Als een apparaat, vampiers zijn bijna gevaarlijk flexibel: lezers en schrijvers hebben meer dan genoeg touw om zichzelf op te hangen. Onder de enorme hoeveelheid literaire vampiers van vandaag is het nog nooit zo gemakkelijk geweest om precies de vampier te vinden die je zoekt – en nog nooit zo moeilijk om er maar 10 te kiezen.

The Vampyre door John William Polidori (1819)

De auteur van wat waarschijnlijk het eerste complete vampierverhaal is dat in het VK is gepubliceerd, John William Polidori, was de lijfarts van Byron in 1816. Byron diende later als inspiratie voor Polidori’s vampier (Ruthven gedoopt naar de Byron-analoog in Glenarvon, Lady Caroline Lamb’s roman à clef over haar affaire met de dichter). The Vampyre was ook gebaseerd op een onvoltooid fragment geschreven door Byron. De geschiedenis van het verhaal zelf maakt het tot een fascinerende studie van de vampirische aspecten van literaire invloed en leningen. Ruthven markeert ook de geboorte van een Byronic vampierarchetype, dat gothic-schrijvers de komende twee eeuwen goed zou dienen.

Lord George Gordon Byron, dichter en leverancier van vampirische inspiratie. Foto: Apic / Getty Images

La Morte Amoreuse (The Dead Woman in Love) door Théophile Gautier (1836)

The vampire’s bijten hoeft niet een seksuele ontmoeting te symboliseren – maar als het dat doet, moet het zo worden geschreven. De verteller, Romuald, wordt verliefd op een exquise vampiercourtisane, die hem weglokt van zijn priesterlijke geloften naar een leven van plezier en extravagantie. Clarimonde is een van de vroegste – en meest verleidelijke – vampire femmes fatales, en ook een van de meer aanhankelijke.

Varney, the Vampyre door James Malcolm Rymer (1845-47)

Oorspronkelijk een ‘cent vreselijk’ – goedkope fictie in series – was Varney de eerste vampierroman die in het VK werd gepubliceerd. Varney is een enorm boek met meer dan duizend pagina’s. Varney zelf is een soort underdog: hij vermoordt zelden een van zijn slachtoffers en wordt gewoonlijk ontmaskerd als een vampier voordat hij door kan gaan met zijn slechte plannen. Voor degenen die bang zijn voor de omvang van de roman, kan het eerste hoofdstuk op zichzelf worden genoten als een goed uitgevoerde afbeelding van een vampieraanval. De scène heeft alles: een stormachtige nacht, een oud huis, een slapende onschuldige en een vampier die met lange vingernagels op het raam tikt. De latere hoogtepunten van het gewichtige boekdeel zijn een Frankenstein-achtige scène waarin Varney weer tot leven komt na een hangende, meerdere scènes waarin Varney transparante vermommingen draagt (inclusief die van een monnik), een da veel geweld van de echte schurk van de roman – de onhandelbare menigte.
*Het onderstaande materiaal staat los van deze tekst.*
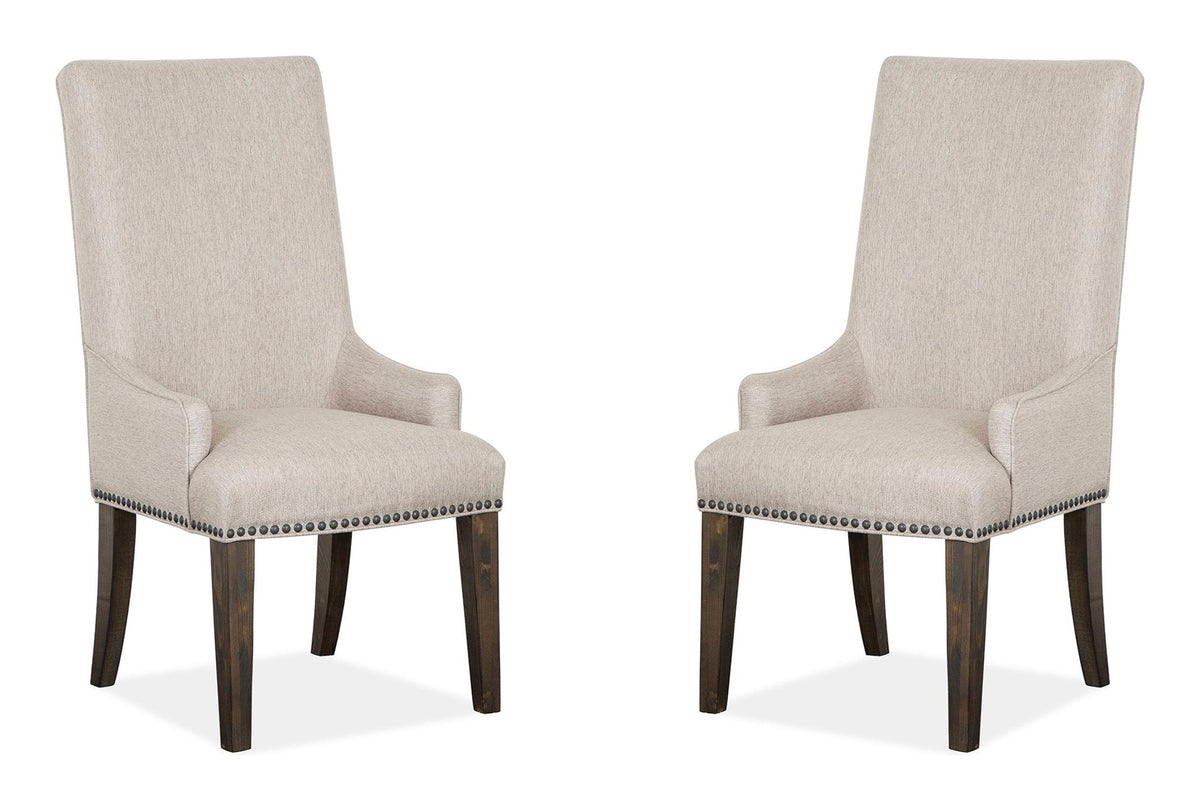 Magnussen Home Bellamy Peppercorn Extendable Rectangular Dining Table With 2 Side Chairs 2 Host Chairs And Bench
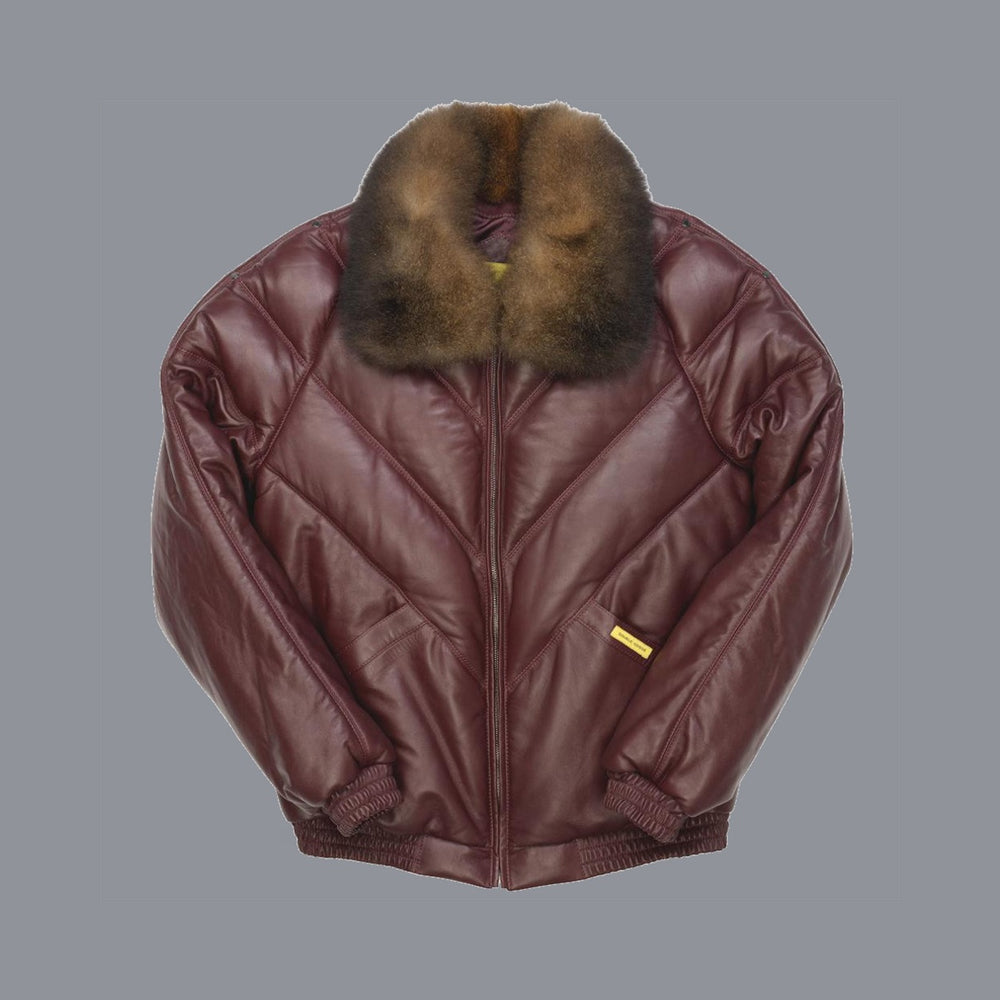 Front view of Double Goose burgundy lambskin V-Bomber with brown opossum fur collar and chevron quilting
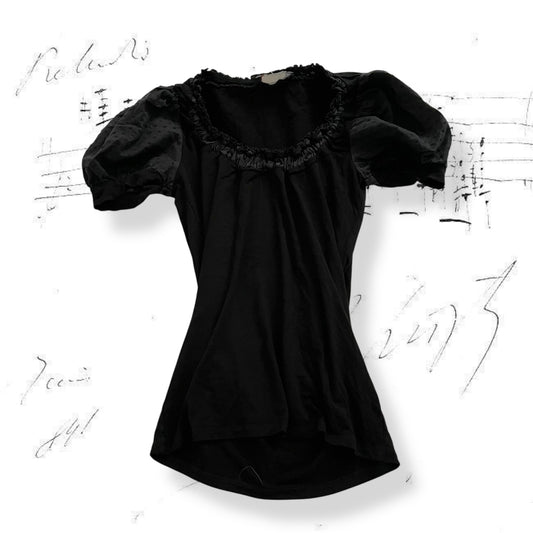 black morgan de toi dotted puff sleeve shirt with ruched neckline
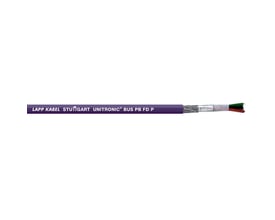 Lapp Unitronic Bus PB FD P 1X2X0,64 datakabel med violet kappe, flettet skærm og synlige ledere på hvid baggrund.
Carmilla door Sheridan le Fanu (1872)

Een van de meest succesvolle vampierverhalen ooit geschreven, deze novelle ook bevat een van de meest sympathieke vampiers van fictie. De aanval van de vampier wordt hier een lange verleiding; een romantische vriendschap die Laura, het beoogde slachtoffer van Carmilla, moeilijk kan weerstaan. Carmilla is een van de eerste vampiers die pleit voor haar bestaansrecht, net als elk ander wezen in de natuur. Haar tegenstanders zijn zo dom en zelfgenoegzaam dat het gemakkelijk is te hopen dat ze haar niet tegenhouden.

La Ville-Vampire (Vampire City) door Paul Féval (1875)
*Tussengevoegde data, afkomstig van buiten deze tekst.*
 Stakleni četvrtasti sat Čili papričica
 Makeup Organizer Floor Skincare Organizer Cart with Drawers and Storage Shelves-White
Heerlijk bizar , grappig en gruwelijk, dit is een van de drie boeken die de Franse auteur Paul Féval schreef over vampiers. Nu beschikbaar als Engelse vertaling, is het een fascinerende lezing, in navolging van de gotische romanschrijver Ann Radcliffe in haar pogingen om haar vrienden te redden van een vampier. De vampiers van Féval behoren tot de meest groteske in fictie en nemen een aantal bizarre vormen aan, waaronder die van een papegaai.
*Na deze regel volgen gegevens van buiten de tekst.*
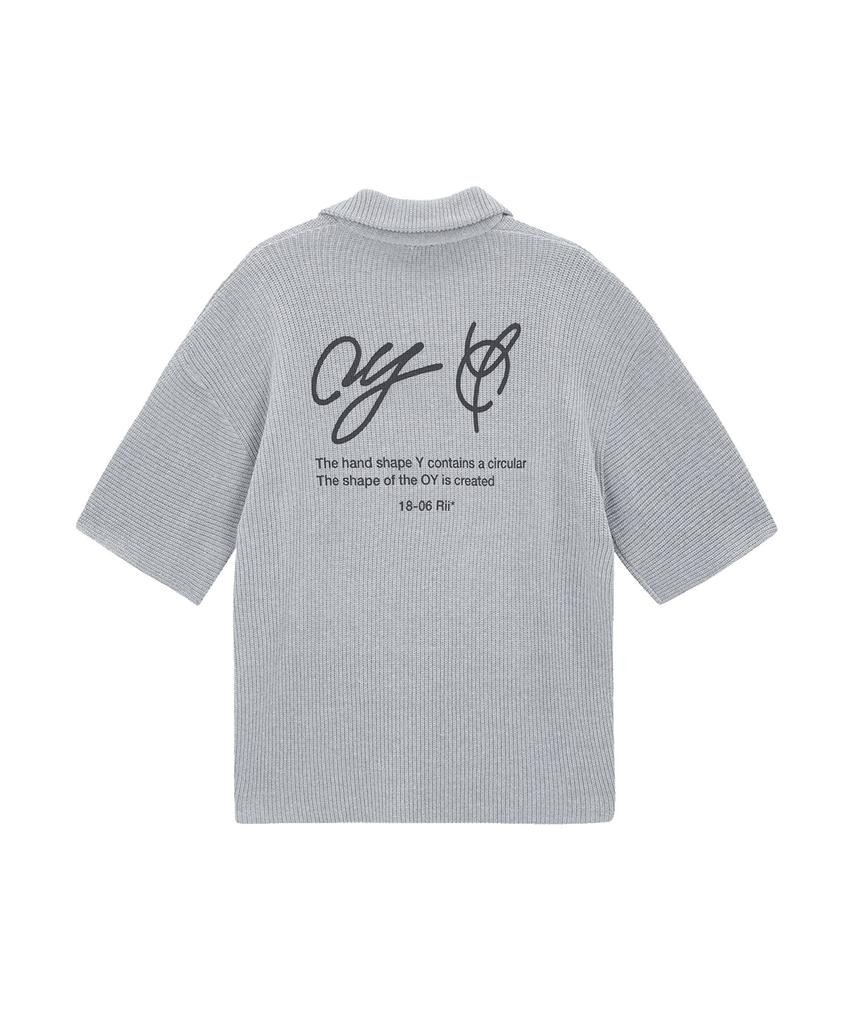 Opeunyadeu(Owai) Logo Zipper Turtleneck Half Knit - Grey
The Fate of Madame Cabanel door Eliza Lynn Linton (1880)

Een kleine afwijking, aangezien er geen echte vampier bij betrokken is. Maar dit is een krachtige studie van onverdraagzaamheid en bijgeloof: in plaats van bovennatuurlijke schurken, zijn er gewone mensen die zich in tijden van crisis tegen een buitenstaander keren. Het feit dat de gebeurtenissen in het verhaal kunnen gebeuren – en gebeuren, in verschillende gedaanten – geeft dit verhaal zijn eigen soort horror.

Dracula door Bram Stoker (1897)

De koning-vampier regeert nog steeds, ook al heeft Dracula’s betekenis een sneeuwbaleffect gehad in meer dan een eeuw van constante aanpassingen en herinterpretaties.De roman is wonderbaarlijk overbepaald, boordevol concurrerende angsten – en tegelijkertijd vormt de kern van het verhaal een lege ruimte. Dracula schrijft, in tegenstelling tot de andere personages, zijn eigen verhaal niet op. De lezer moet een interpretatie geven, en het is een uitnodiging die moeilijk te weerstaan is.

The Blood of the Vampire door Florence Marryat (1897)

Deze roman werd in hetzelfde jaar gepubliceerd als Dracula en het is een fascinerende ervaring om beide samen te lezen. Het verhaal weerspiegelt hedendaagse angsten over seksueel overdraagbare aandoeningen en erfelijk aangetast bloed, samen met fin-de-siècle-opvattingen over ras en vrouwelijke seksualiteit. Seksuele vrouwen worden hier sympathieker gepresenteerd dan in Dracula, en buitensporige kilheid wordt ook bekritiseerd – een personage verliest bijna haar verloofde vanwege haar publieke ondemonstrativiteit. Deze roman verkent ook de trope van de onwillige, onwetende vampier, die geschokt is als ze haar eigen aard ontdekt.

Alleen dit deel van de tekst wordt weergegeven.